GAINESVILLE - One of the northeast Georgians who will be a delegate to the Republican National Convention which begins Monday says the integrity of the country is at stake in this year's presidential election.
Jim Pilgrim of Gainesville said Thursday while enroute to Tampa that after the convention "we must continue our hard work and keep our focus in order to ensure the election of Romney/Ryan in November," while emphasizing, "we cannot afford four more years of Obama! The integrity of the United States of America must be protected by voting for the Romney/Ryan ticket in November."

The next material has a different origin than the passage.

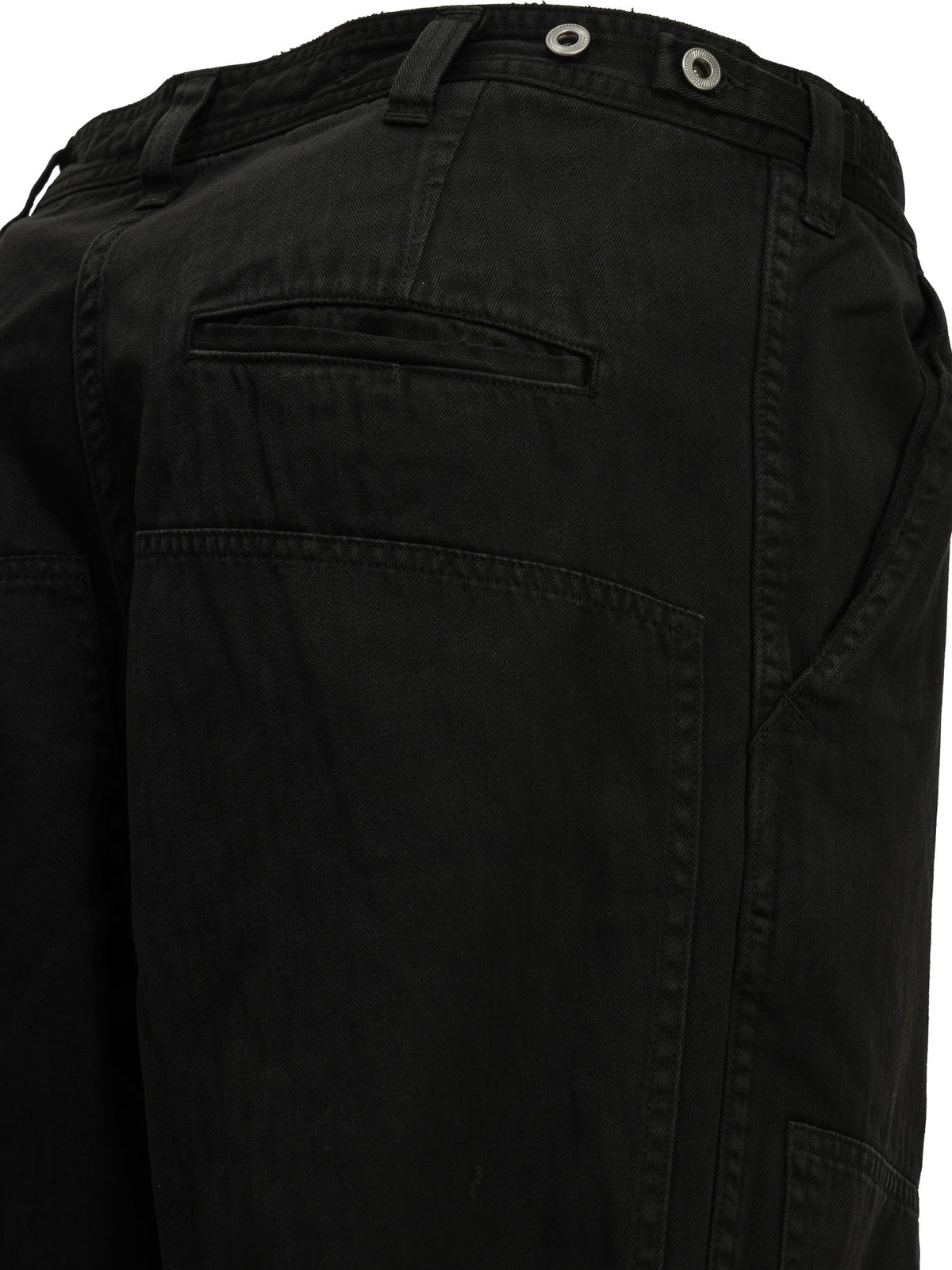 "Double Knee" Cargo Pants Trousers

The 65-year-old retiree is a past chairman of the Hall County Republican Party and longtime party activist, one of several northeast Georgians who'll be in Tampa as either a delegate or an alternate. The convention, which will run through Thursday, will culminate in the expected nomination of former Massachusetts Gov. Mitt Romney as the GOP standard-bearer this year, who will challenge Democratic incumbent Barack Obama for the White House.
Others from the area who will be in Tampa include Georgia First Lady Sandra Deal and longtime Hall County Republican Party member Bettye Chambers. Both will serve a delegates to the convention. Alternates from northeast Georgia include Hall County Commissioner Ashley Bell and Hall County GOP member Brenda Maddox.
Bell is a former Democrat whose wife Lauren was a delegate to the 2008 Democratic convention. However, both switched to the Republican Party in December 2010.
Of the slate of delegates, Hall County Republican Party Chairman Kris Yardley said at the time of their selection earlier this year "I think the voters of Georgia will be well represented by the delegates and alternates we selected here today. Hall County can be especially proud of the members selected to represent the voters".
This will be Pilgrim's first trip to a national convention as a delegate or alternate but it will be the third straight time for Chambers. She was an alternate in 2004 and again in 2008.
Pilgrim said he did not actively campaign for a delegate or alternate spot but "was encouraged to submit my resume' by members of the 9th District (Republcian Party)."
Asked what he thinks are the keys to the GOP taking back the White House this year, Pilgrim replied "A plan for economic recovery that includes job creation, self sustaining energy production, less outsourcing to foreign countries, and producing and consuming American goods and services" in addition to a "commitment to a return to traditional and conservative values."
Pilgrim blamed "media sensationalism" for much of the attention being given to Missouri congressman Todd Aiken's recent comments about rape. That media sensationalism, Pilgrim said, "is the culprit trying to distract from the true issues of the Romney/Ryan Campaign. I feel the distraction will be short lived."
He added that Romney can best distance himself from the controversy "by remaining steadfast on issues that reflect the principles and views of Romney/Ryan and the Republican Party platform." And, he was quick to add that Aiken, the GOP nominee for a U.S. Senate seat from Missouri, should withdraw from the race because he doesn't have the support of the Republican Party.
Though he was not his first choice for Romney's running mate, Pilgrim appeared satisfied with the the presumptive nominee's choice of Wisconsin congressman Paul Ryan as the GOP vice presidential candidate.
"He is young, aggressive, conservative and has a strong background in finance," Pilgrim said. "He believes in Christian values and is a strong advocate of capitalism on which our country is founded."
Pilgrim said his first choice for a running mate was Florida Sen. Marco Rubio and his first choice for the GOP presidential candidate was former Georgia congressman and U.S. House Speaker Newt Gingrich, who was one of several men and women who sought the nomination.
Asked if he is at ease with the party platform, Pilgrim said, without elaborating," very much so - conservative," adding he has "no" problems with any of it.
That's not the case with the weather, though. Party officials and delegates are keeping a close eye on Tropical Storm Issac which is expected to strengthen into a hurricane over the weekend and was on a track Saturday morning which had it crossing the Florida Keys early Monday. It's projected to swing into the Gulf of Mexico, passing the coast off Tampa late Monday night or early Tuesday.
"Yes, we are somewhat concerned but don't want to miss this historic event," Pilgrim said. "We have heard they are already thinking about canceling some of the 'fun' events (associated with the convention)."
Georgia Republicans are sending 76 delegates and 76 alternates to the convention. The slate of representatives was finalized during the state convention in Columbus earlier this year.
GOP delegates and alternates are determined in the following fashion: Georgia has 14 congressional districts. At this year's district conventions three delegates and three alternates were selected from each district. The total of 42 is added to the 31 at-large delegates and alternates, selected at the state convention, and the three automatic delegates from Georgia.
The Democratic National Convention will be held in Charlotte beginning Sept. 4.